The result is a market in which European products compete on the surface on equal terms with imports produced under very different conditions.
Innovation cannot be used as a substitute for difficult trade policy decisions
The report devotes a specific chapter to innovation – offshore production, RAS systems and new technologies – and recognises their potential to strengthen Europe’s productive autonomy. However, it introduces an unusual caveat for this type of policy document: innovation cannot be used as a substitute for difficult trade policy decisions.

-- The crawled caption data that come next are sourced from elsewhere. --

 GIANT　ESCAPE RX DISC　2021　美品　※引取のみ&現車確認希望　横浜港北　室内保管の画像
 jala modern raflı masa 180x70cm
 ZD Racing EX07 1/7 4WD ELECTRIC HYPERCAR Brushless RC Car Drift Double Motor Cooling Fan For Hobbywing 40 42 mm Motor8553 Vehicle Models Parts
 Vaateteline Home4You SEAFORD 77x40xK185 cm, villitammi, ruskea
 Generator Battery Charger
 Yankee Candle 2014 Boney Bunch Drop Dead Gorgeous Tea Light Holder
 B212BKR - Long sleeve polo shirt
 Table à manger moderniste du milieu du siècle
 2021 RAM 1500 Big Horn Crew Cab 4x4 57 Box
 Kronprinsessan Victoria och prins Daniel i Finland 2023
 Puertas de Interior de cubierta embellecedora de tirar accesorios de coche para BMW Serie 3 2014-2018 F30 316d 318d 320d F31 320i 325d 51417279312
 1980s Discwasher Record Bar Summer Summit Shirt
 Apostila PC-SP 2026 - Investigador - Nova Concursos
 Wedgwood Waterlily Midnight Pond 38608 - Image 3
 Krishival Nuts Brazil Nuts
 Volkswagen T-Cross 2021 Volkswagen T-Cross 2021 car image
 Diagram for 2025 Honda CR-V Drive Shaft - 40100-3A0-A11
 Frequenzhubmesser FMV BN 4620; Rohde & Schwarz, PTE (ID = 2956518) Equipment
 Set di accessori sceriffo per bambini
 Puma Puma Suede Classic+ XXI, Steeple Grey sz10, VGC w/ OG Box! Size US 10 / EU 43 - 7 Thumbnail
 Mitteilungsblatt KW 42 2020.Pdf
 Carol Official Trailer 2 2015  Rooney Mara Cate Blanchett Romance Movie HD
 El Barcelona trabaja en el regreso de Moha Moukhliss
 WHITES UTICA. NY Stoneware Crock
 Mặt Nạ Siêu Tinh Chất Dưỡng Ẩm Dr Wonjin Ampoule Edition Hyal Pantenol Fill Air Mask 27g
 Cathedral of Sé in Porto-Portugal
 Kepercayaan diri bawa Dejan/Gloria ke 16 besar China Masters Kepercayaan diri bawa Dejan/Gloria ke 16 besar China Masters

Moving mussels’ production offshore or scaling up RAS may improve resilience, but it will not, on its own, correct a competitive imbalance rooted in unequal standards.
The report ultimately argues that the EU falls into incoherence by simultaneously promoting a high-standard aquaculture model, maintaining a strong dependence on low-cost imports, and pursuing a trade policy without effective corrective mechanisms.
Without genuine alignment between food, environmental and trade policies, self-sufficiency will remain a theoretical ambition rather than an achievable objective.
For this reason, the Parliament calls for progress towards sustainability criteria applicable to imports, market standards that reflect production conditions, and a coordinated, long-term investment strategy.
The question that remains unanswered is a political one: is the EU prepared to face the political and commercial consequences of real policy coherence?